Como um todo, O Carvalho e o Bezerro se ressente das repetições e dos sobressaltos vividos pelo escritor; há passagens empolgantes, mas a freqüência de sustos, de repreensões e ameaças sofridas acaba por tornar a leitura menos prazerosa. Os motivos desse desnível podem estar no fato de que era comum Soljenítsin não ter o manuscrito de um livro completo próximo a si (ficavam escondidos, aos pedaços); ou na ausência de um público leitor com sensibilidade literária (quando dispunha de leitores, eram escolhidos por serem politicamente confiáveis, não por sua capacidade crítica). Ou por ambas as razões. Também faria objeções ao estilo desequilibrado, marcado ora pela grandiloqüência, ora por uma ironia sutil; ênfases estilísticas têm o seu momento – que jamais deve ser abusado.

O próprio Soljenítsin estava bem consciente desses senões; logo no começo do livro, ao falar do “escritor subterrâneo”, isto é, aquele que escreve escondido, considera as desvantagens do enclausuramento em que os dissidentes viviam:

“… O escritor subterrâneo vê-se despojado de uma crítica artística severa, inteirada nos cânones literários da época. Ora, está provado que a crítica, a sóbria localização topográfica de um escrito no espaço estético, é muito necessária, é indispensável a todo escritor (…) ” (p. 17)

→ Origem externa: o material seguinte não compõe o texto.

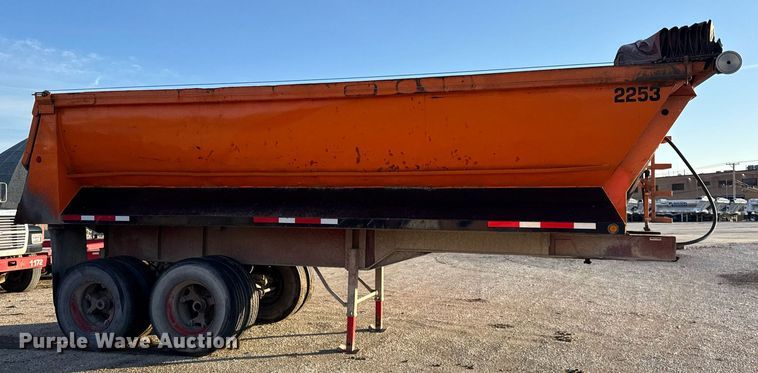 image for item DU3394 1989 Palmer end dump trailer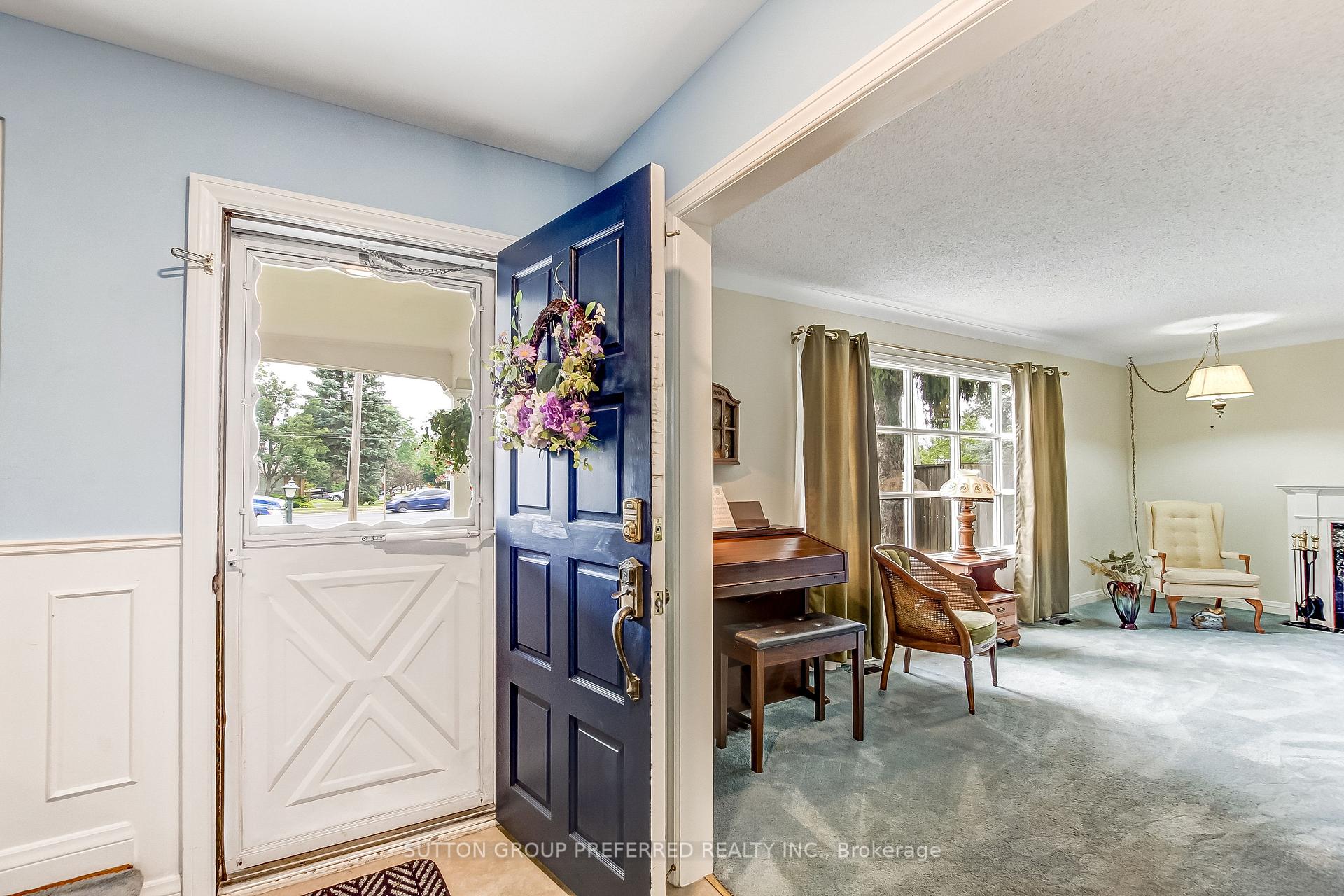 Photo 3 of 603 Commissioners Road E, London, South P — HOMEH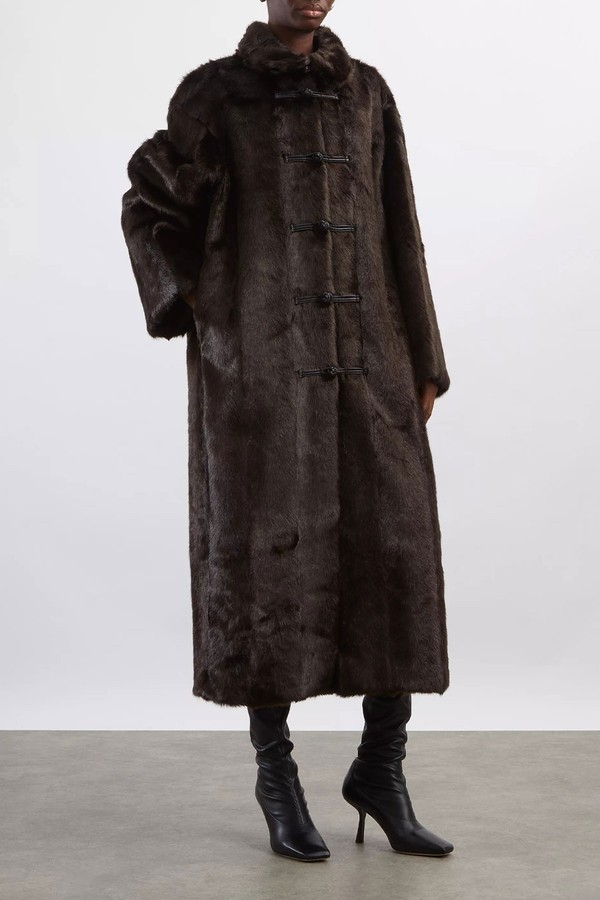Mandarin Faux Fur Coat from Róhe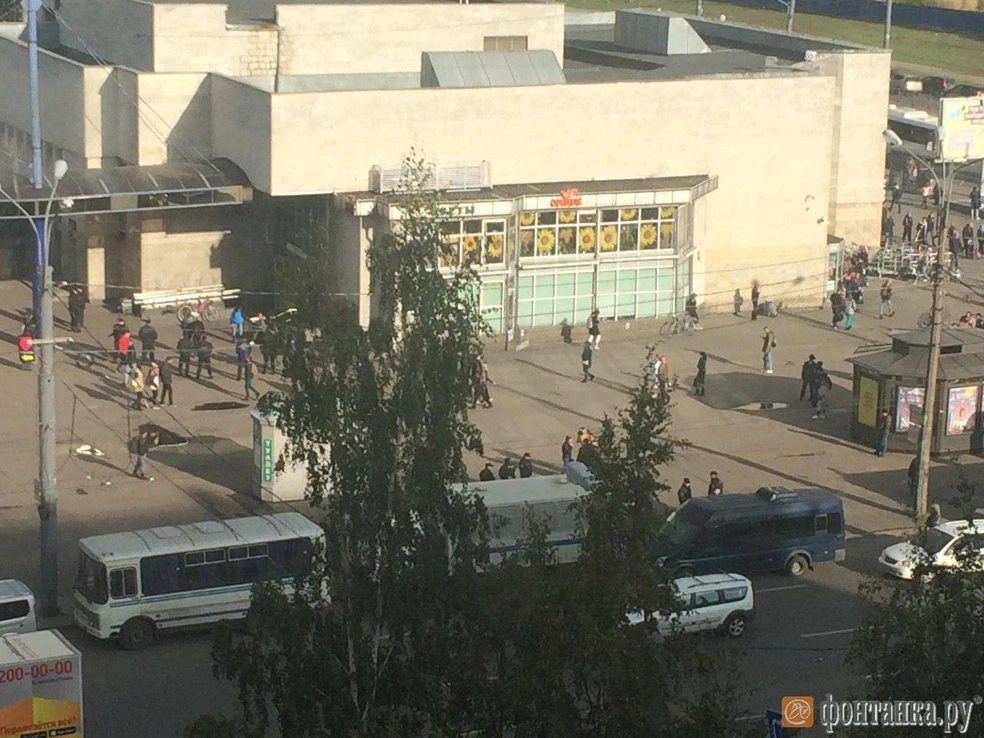 Профилактика на Дыбенко выстроила у выхода из метро с десяток полицейских, петербуржцам не по себе (фото) | Источник: читатель "Фонтанки" Сергей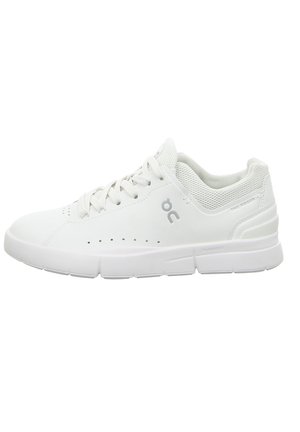 On THE ROGER ADVANTAGE - Trainers - all white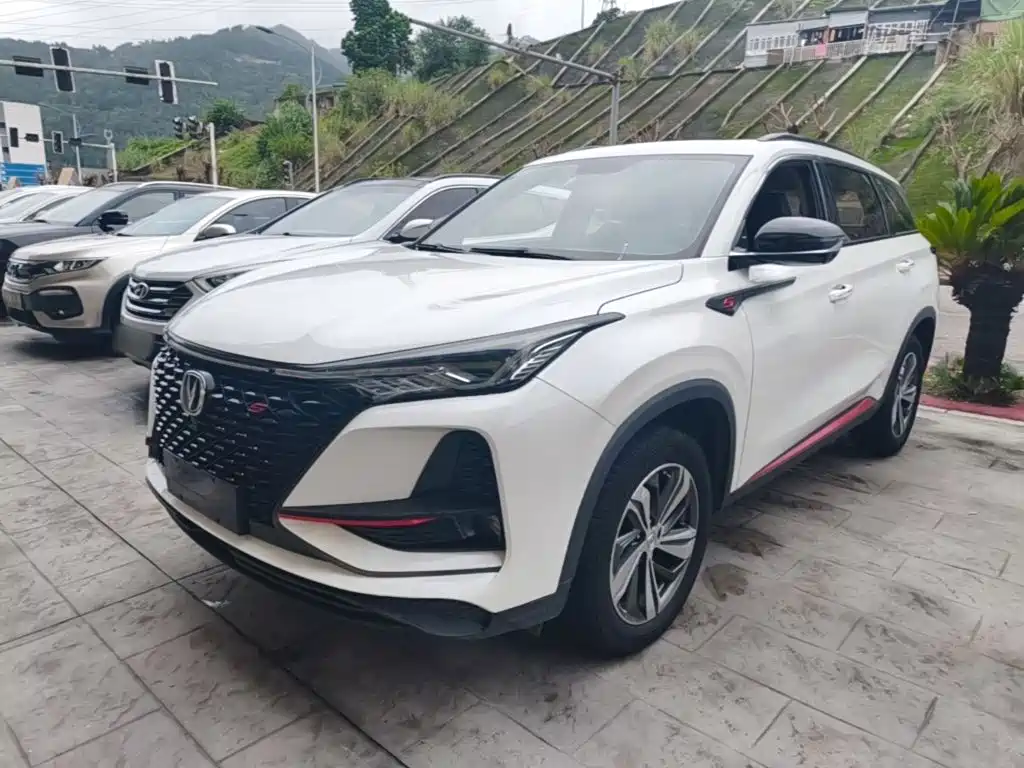 Changan CS75 PLUS — фото 2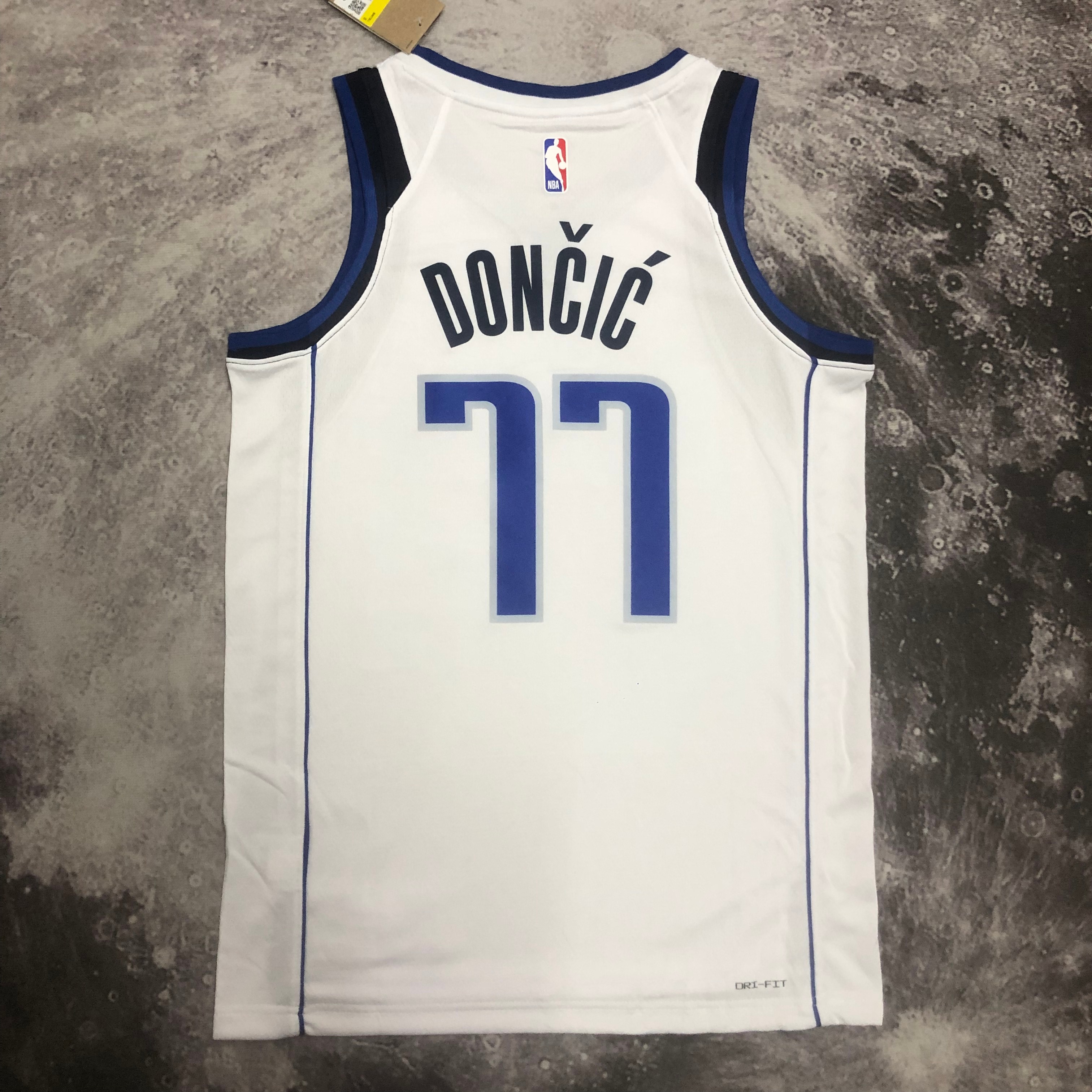 NBA Men 2023 Dallas Mavericks White #77 DONCIC Jersey High Quality Name and Number Print - leoleo123123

Eu complementaria: não só ser lido por leitores experientes, mas ainda que o escritor subterrâneo pudesse ler os grandes escritores, lê-los, relê-los, e assim enriquecer a si mesmo. Mas o que liam os escritores iniciantes, nas décadas de 1950 e ’60, na URSS? Apenas o que era aprovado. E, admitamos, escrever amordaçado raras vezes, senão nunca, gera grande literatura. A crítica extraliterária (aqui, política) sempre fará reservas à obra de arte.